Pour ne pas concurrencer les deux menhirs bretons de 3 000 ans, il n’y aura pas de larges pales dans le paysage. La cour administrative d’appel de Nantes a tranché ce mardi. Ella a annulé l’autorisation de la construction et de l’exploitation de trois éoliennes à Porspoder dans le Finistère. La raison invoquée ? Le parc éolien aurait été trop proche - «à 540 mètres pour l’éolienne n° 3» - de plusieurs menhirs classés monuments historiques ce qui «porte une atteinte excessive tant au paysage environnant qu’au patrimoine archéologique».
Cette décision annule l’autorisation environnementale accordée par le préfet du Finistère en 2022 mais ravit les riverains, l’association pour la Protection de l’Aber Ildut et l’association Sauvegarde Paysages d’Iroise qui avaient saisi la cour administrative.
Un menhir volé en Irlande à une sorcière
Les deux menhirs au centre du débat sont ceux de Kergadiou, «classés monuments historiques depuis le 25 septembre 1883» comme l’a rappelé la cour. Reconnu mondialement, ce site touristique est aussi la source de légendes qui continuent de se diffuser. Un des deux menhirs aurait été volé en Irlande à une sorcière. Pour se venger, elle en aurait lancé un second qui se serait presque couché par terre, formant ainsi Kergadiou.
Loin des histoires d’antan, la cour a évoqué une menace pour l’attractivité de ce site : «par leur proximité et leur hauteur, les éoliennes litigieuses auraient pour effet de perturber le rapport d’échelle de ces menhirs.» Pourtant, la société porteuse du projet, ERG Développement avait déjà revu à la baisse ses ambitions passant de 4 éoliennes de 150 mètres chacune, à trois, raccourcies de trente mètres… Face aux 120 mètres des éoliennes, le menhir debout, qui mesure 8,75 mètres, et celui couché, de 9,20 mètres, risquaient tout de même de paraître moins impressionnants, a estimé la cour administrative de Nantes.

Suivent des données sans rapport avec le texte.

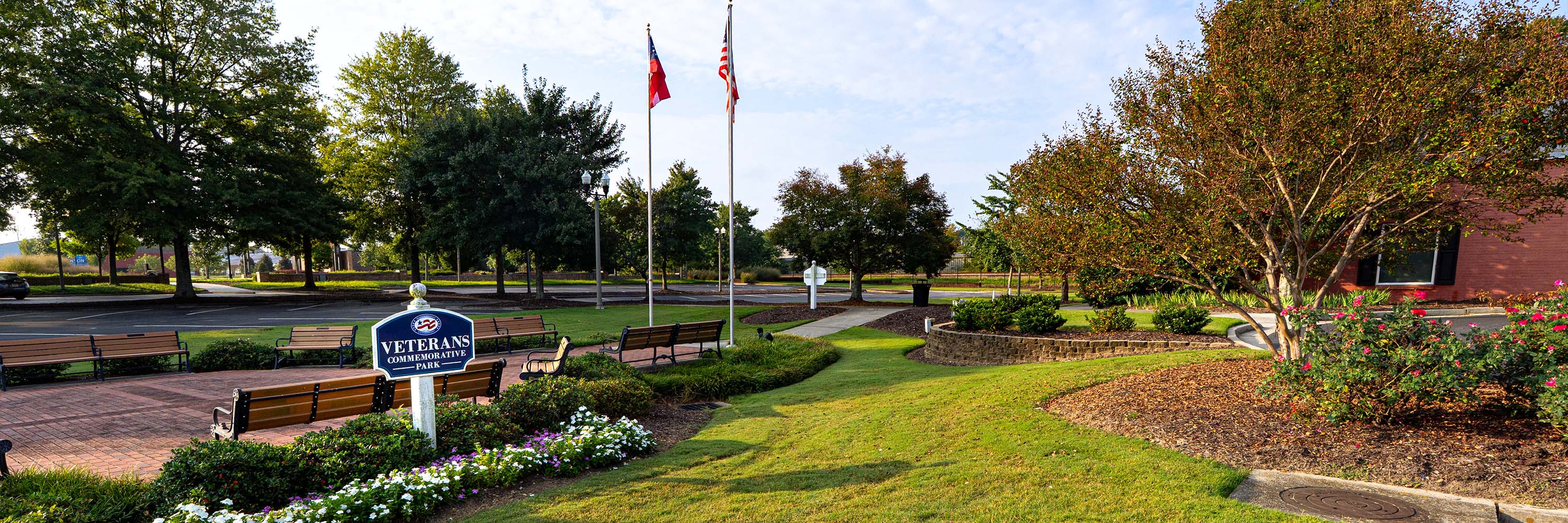 Veterans Park wide image, showing the park sign, flower bed, flags, and side of Community Center in spring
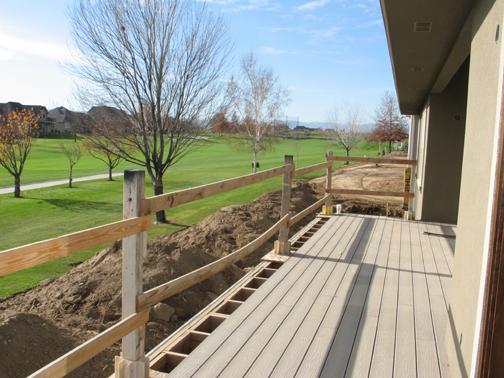 8850 Coolidge Road, Unit 2 Yakima, WA 98903 - Photo 9 of 15 a view of a balcony with wooden floor and fence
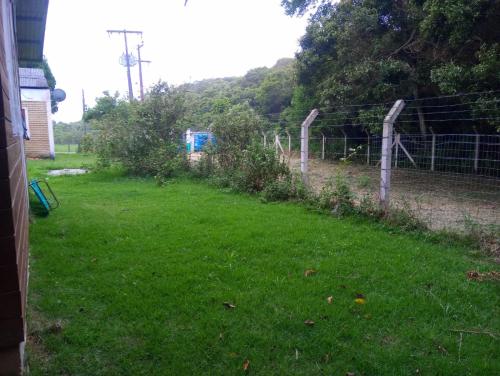 a fence in a yard with a field of grass at Inature in Florianópolis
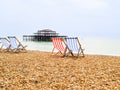 Brighton Beach and characteristic striped beach chairs Royalty Free Stock Photo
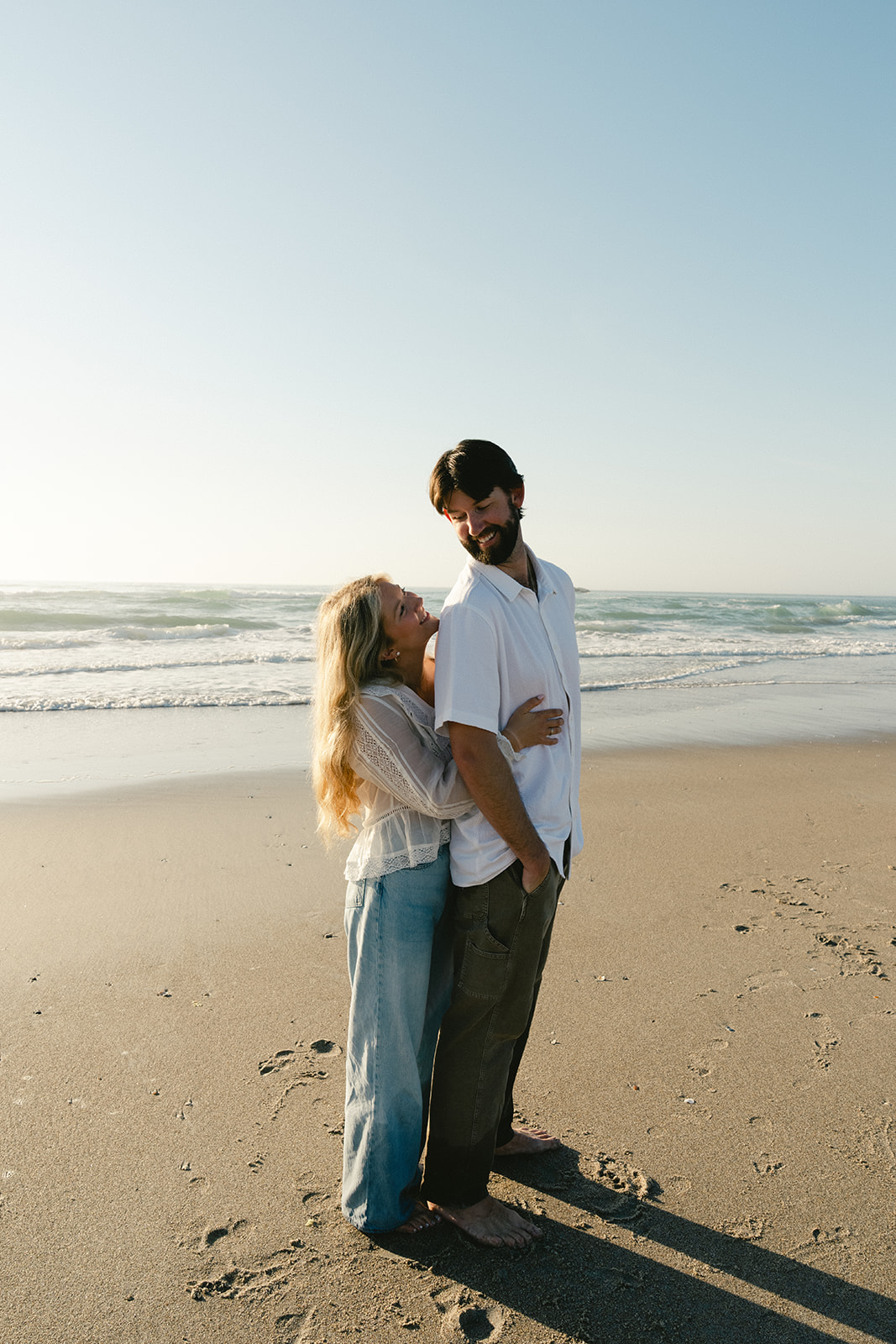 Couple takes beach engagement photos on the East Coast. Taken by a North Carolina engagement photographer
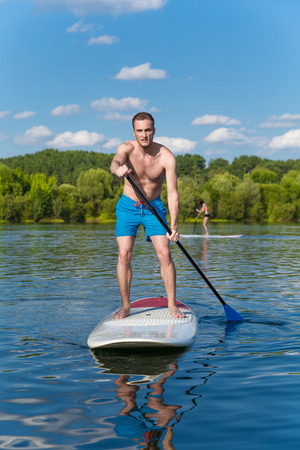 Young attractive man on stand up paddle board in the lake, SUPの写真素材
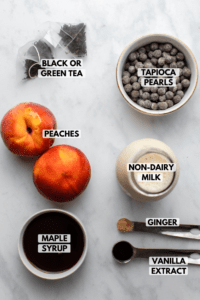 ingredients for bubble tea in small bowls on marble background
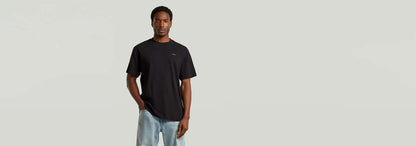 Modelo luciendo la camiseta True Regular de cuello redondo en color negro, con jeans y fondo neutral.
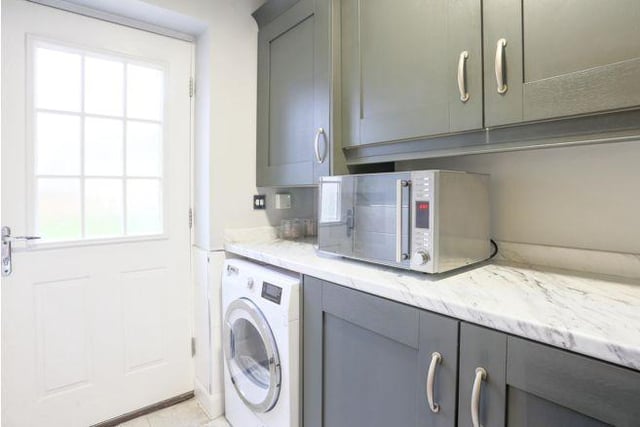 It also boasts a useful separate utility room.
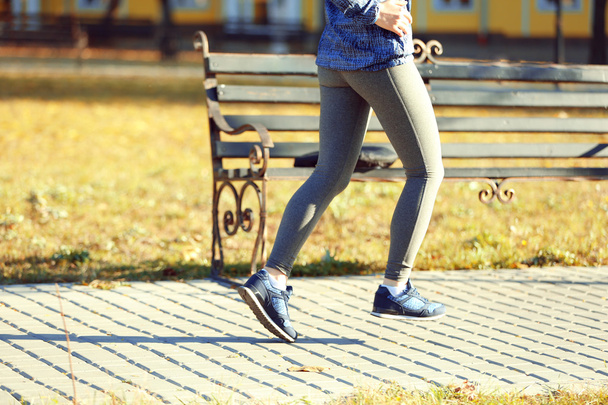 Young woman jogging at park - 写真・画像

Un projet contesté en Bretagne
Ce projet de parc éolien suscitait la colère des habitants du Finistère pour d’autres raisons. Non seulement, il était situé à 500 mètres de Kergadiou, mais il était aussi à moins de deux kilomètres de nombreux autres sites mégalithiques eux aussi classés : le menhir de Kérouézel, les menhirs de Traon-Igou, ceux de Mesdoun, le dolmen dit de Mezou Poulyot à Kerménou… La cour a aussi estimé que le projet, situé à 3 kilomètres de la côte, pouvait «génére[r], dans le paysage préservé et dégagé, d’importantes covisibilités», notamment avec le parc marin naturel d’Iroise, les îles d’Ouessant et de Molène, le phare du Four, la presqu’île Saint-Laurent ou la route touristique de Landunvez.
Enfin, dans son arrêt, la juridiction rappelle que l’architecte des bâtiments de France avait émis plusieurs avis défavorables à ce projet, de même que les communes de Plourin et de Lanildut. Cela n’avait pas empêché le préfet d’autoriser le projet par un arrêté du 28 juillet 2022. Très encourageante pour les opposants au projet, cette décision de justice ne clôt pas la bataille. Un pourvoi devant le Conseil d’Etat peut être déposé dans un délai de deux mois.